Większość zagranicznych firm, w tym dużych korporacji, zastrzega sobie do tego prawo już na etapie podpisywania umów z polskim kontrahentem. Na rodzimym rynku nie jest jeszcze to zbyt popularna forma rozstrzygania sporów.
– Dziwię się bardzo wszystkim przedsiębiorcom, którzy mówią, że to wszystko tak długo trwa w sądzie, że tyle to wszystko kosztuje, że nie mają determinacji, żeby już przy podpisywaniu umów z kontrahentem zapisać sobie, że w razie sporu odbędą go w sposób tańszy, prostszy, z wykorzystaniem arbitrażu i mediacji – dodaje Marciniak.
Tak jak dzieje się to na Zachodzie. Dlatego od dwóch lat przy Izbie Gospodarczej Północnej Wielkopolski funkcjonuje oddział Wielkopolskiego Sądu Arbitrażowego.
– W Wielkopolsce jest to wpływ między 5-20 spraw rocznie. To jeszcze jest mało, ale po to się spotykamy, po to rozmawiamy i namawiamy przedsiębiorców, bo to jest trochę tak, że to jest coś, czego nie znamy, a jak nie znamy to się boimy, ale jesteśmy po to, żeby pomóc – przekonuje Paulina Toboła, prezes Wielkopolskiego Sądu Arbitrażowego odział w Pile przy Izbie Gospodarczej Północnej Wielkopolski.
Sąd arbitrażowy, nazywany również sądem polubownym wysłuchuje stron sporu i rozstrzyga, która ma rację. Postępowanie tego typu może być przeprowadzone wyłącznie wtedy, gdy obie strony wyrażą na to zgodę. Odbywa się to poza systemem sądów powszechnych, co daje szereg korzyści.
– Przedsiębiorca ma prawo zadecydować, że ja bym chciała/chciał, żeby ta osoba rozstrzygnęła mój spór.
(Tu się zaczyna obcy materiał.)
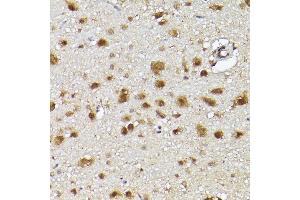 Immunohistochemistry of paraffin-embedded rat brain using UBQLN4 Rabbit pAb (ABIN7271124) at dilution of 1:150 (40x lens). (UBQLN4 antibody  (AA 300-390))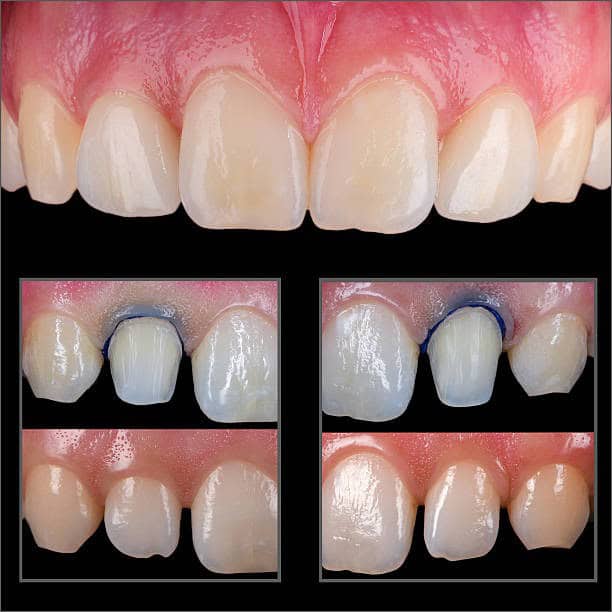 Preparazione e posizionamento della corona dentale sui denti anteriori superiori con filo retrattore gengivale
Ma wiedzę, ma doświadczenie, dlaczego z tego nie skorzystać, czego nie mamy w sądzie powszechnym, gdzie mamy losowanie sędziów i nie wiemy do kogo nasza sprawa trafi. Plus dużo kwestii organizacyjnych. Elektroniczny obieg dokumentów, który usprawnia to postępowanie oraz otwartość arbitrów na to, aby organizować to jak najszybciej – dodaje Paulina Toboła.
W samej północnej Wielkopolsce mediatorów jest kilkudziesięciu. Listę nazwisk znaleźć można na stronie Sądu Okręgowego w Poznaniu.
– Teraz mam taką sytuacje, gdzie strony różnią się co do wysokości kwoty, która powinna być zapłacona i ustaliliśmy, że w takiej sytuacji powołamy sami biegłego, który się tym zajmuje i on oceni, jaka kwota jego zdaniem powinna to być i ustaliliśmy, że jeżeli tak się stanie, to strony to zaakceptują – mówi Jacek Kieruj, prezes oddziału pilskiego Centrum Mediacji przy Izbie Gospodarczej Północnej Wielkopolski.
Korzystanie z pomocy mediatora nie jest zarezerwowane tylko dla biznesu. Z tej formy korzystają także sądy powszechne. Szczególnie przy sprawach rodzinnych.
– Ugoda mediacyjna jest porozumieniem i wypływa z woli tych stron, które tę ugodę dobrowolnie zawierają. Żeby tę wolę wyrazić, te strony muszą zaakceptować to, a skoro to akceptują, dużo trudniej jest w późniejszym czasie wycofać się z takiej akceptacji, w przeciwieństwie do wyroku sądowego, bo wyroku strona, która uważa się za przegraną nie akceptuje i broni się przed jego wykonaniem – tłumaczy Dariusz Małecki, prezes Sądu Rejonowego w Pile.
W mediacji strony dążą do kompromisu. Aby popularyzować tę metodę rozstrzygania sporów w całej Polsce trwa Tydzień Mediacji. Z kolei Izba Gospodarcza 24 października organizuje o godz. 12 w Akademii Nauk Stosowanych z arbitrażu i mediacji. Wstęp wolny.